■ Records shown:

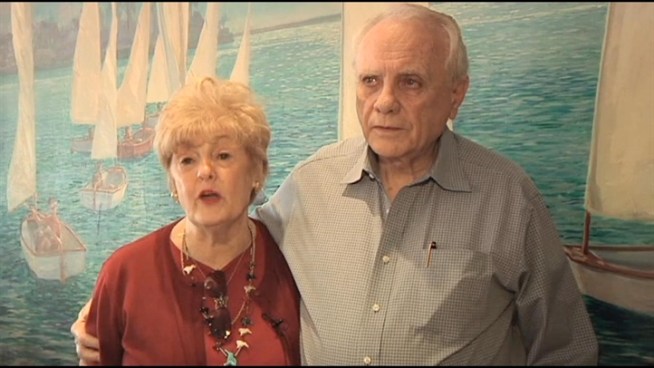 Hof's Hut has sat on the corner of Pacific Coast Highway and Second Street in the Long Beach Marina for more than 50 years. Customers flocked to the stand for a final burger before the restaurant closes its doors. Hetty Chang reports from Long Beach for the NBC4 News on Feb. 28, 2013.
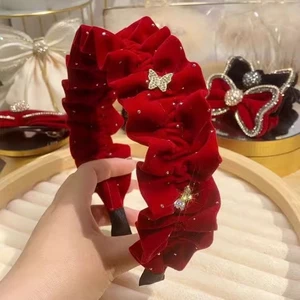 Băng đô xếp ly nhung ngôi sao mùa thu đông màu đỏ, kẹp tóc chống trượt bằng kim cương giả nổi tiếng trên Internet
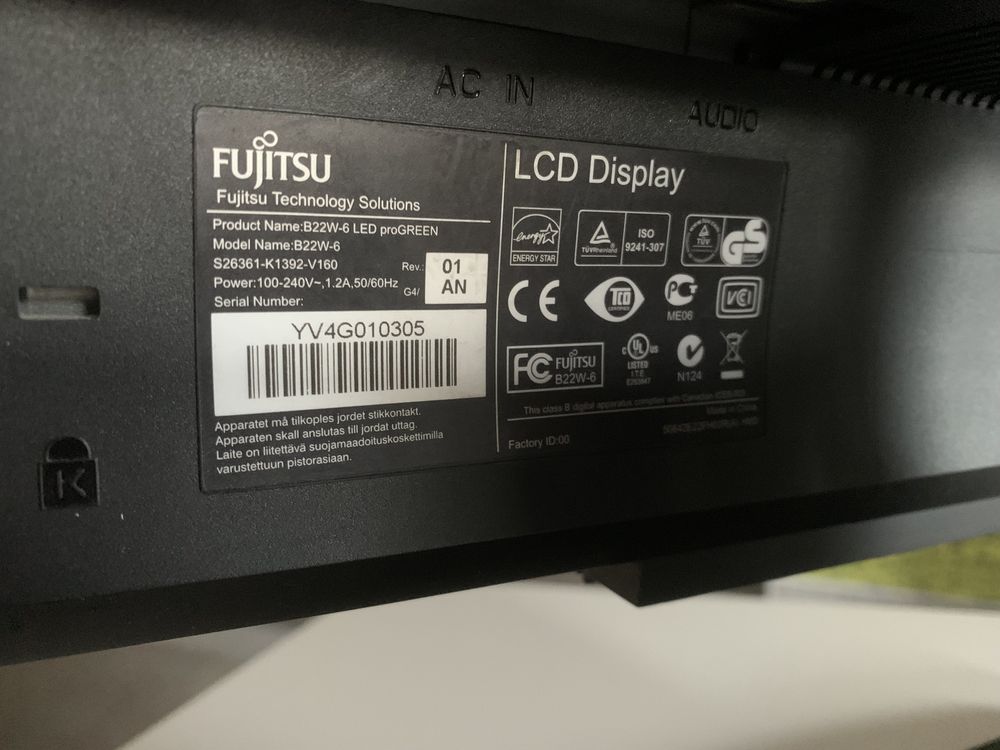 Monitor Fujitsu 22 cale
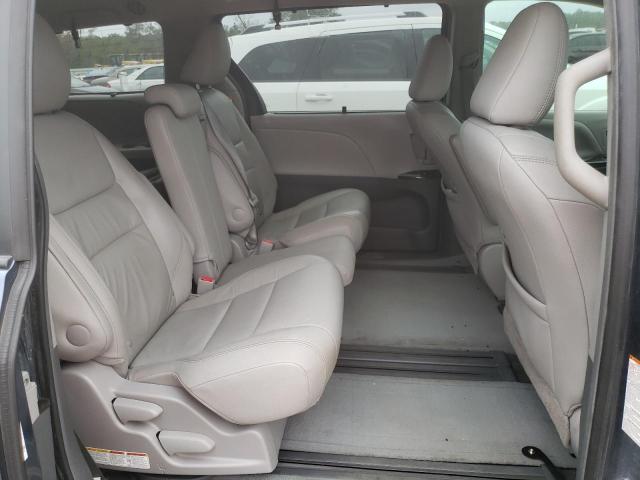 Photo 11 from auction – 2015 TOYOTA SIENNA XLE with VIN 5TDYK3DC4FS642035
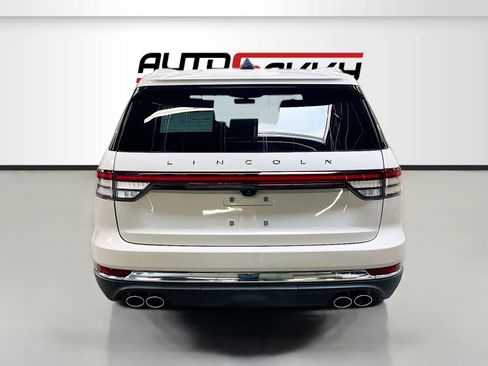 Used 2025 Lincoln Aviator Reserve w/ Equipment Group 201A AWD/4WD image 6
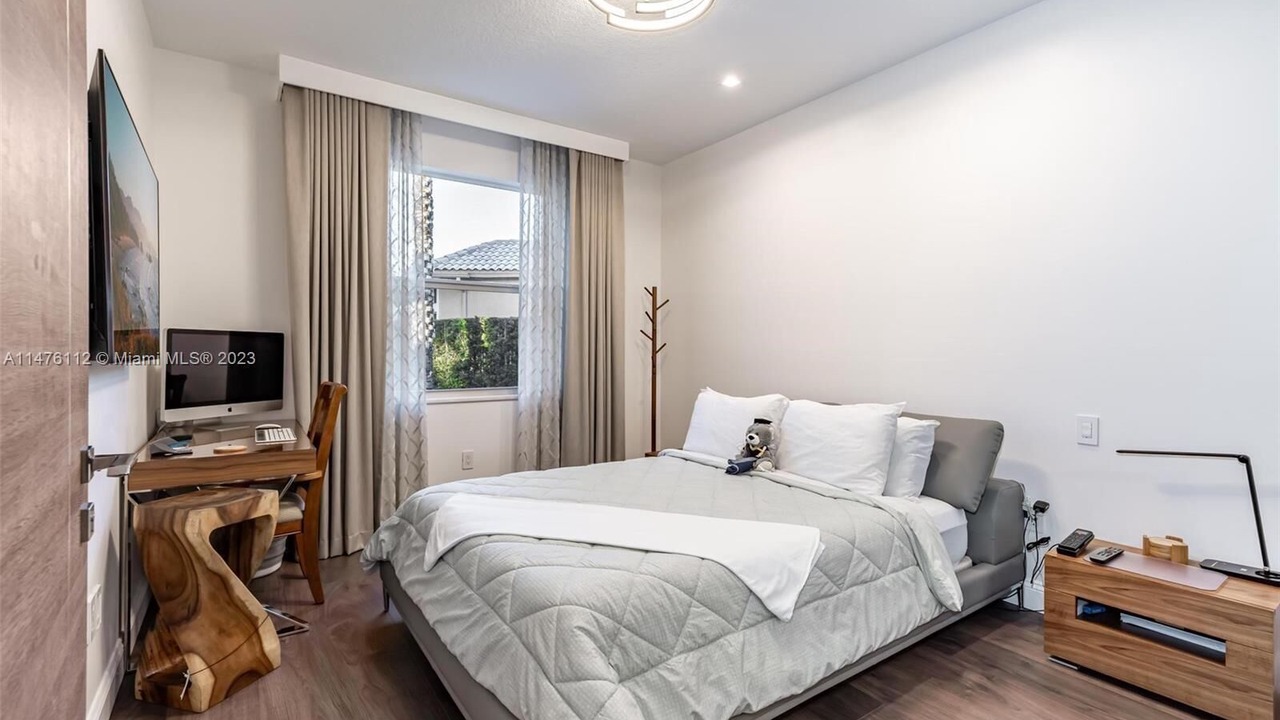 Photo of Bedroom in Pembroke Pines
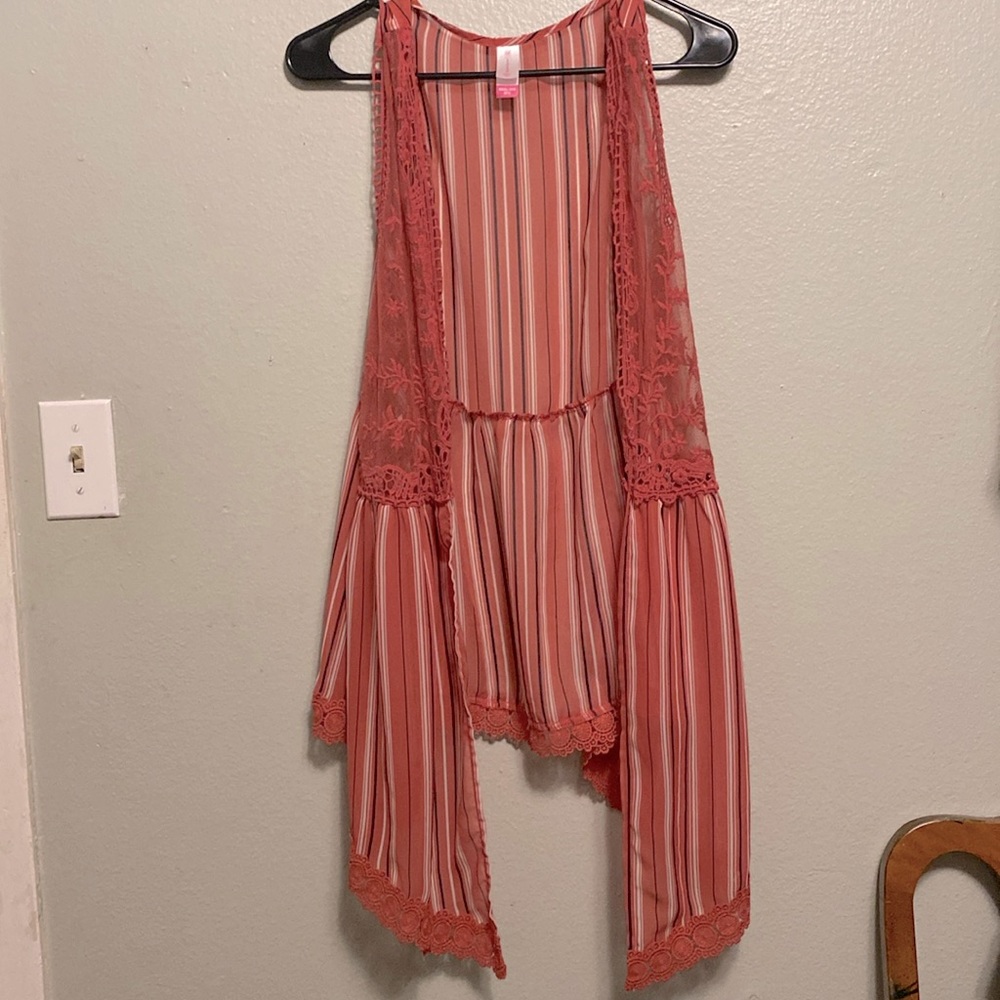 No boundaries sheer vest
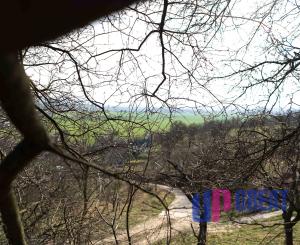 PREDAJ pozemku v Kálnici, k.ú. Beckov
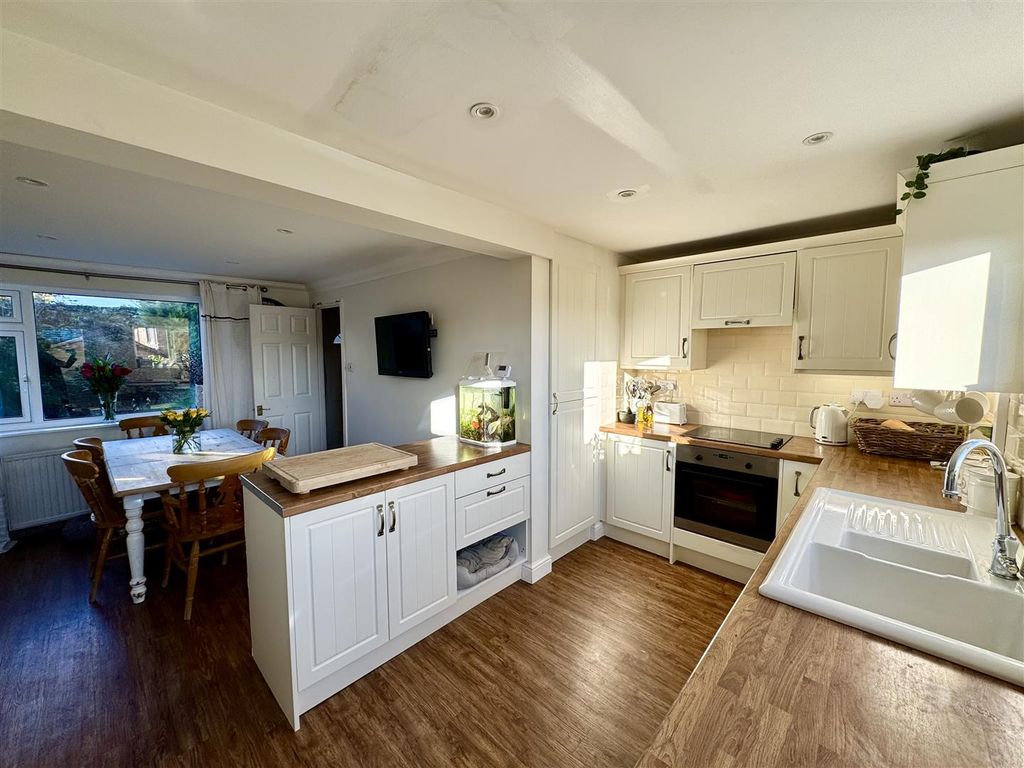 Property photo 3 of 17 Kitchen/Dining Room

■ What to work on: With pictures omitted, copy exactly the lines from the one containing "Photo 11 from" through the final line of the listing, both included.

■ Final answer:
 Photo 11 from auction – 2015 TOYOTA SIENNA XLE with VIN 5TDYK3DC4FS642035
 Used 2025 Lincoln Aviator Reserve w/ Equipment Group 201A AWD/4WD image 6
 Photo of Bedroom in Pembroke Pines
 No boundaries sheer vest
 PREDAJ pozemku v Kálnici, k.ú. Beckov
 Property photo 3 of 17 Kitchen/Dining Room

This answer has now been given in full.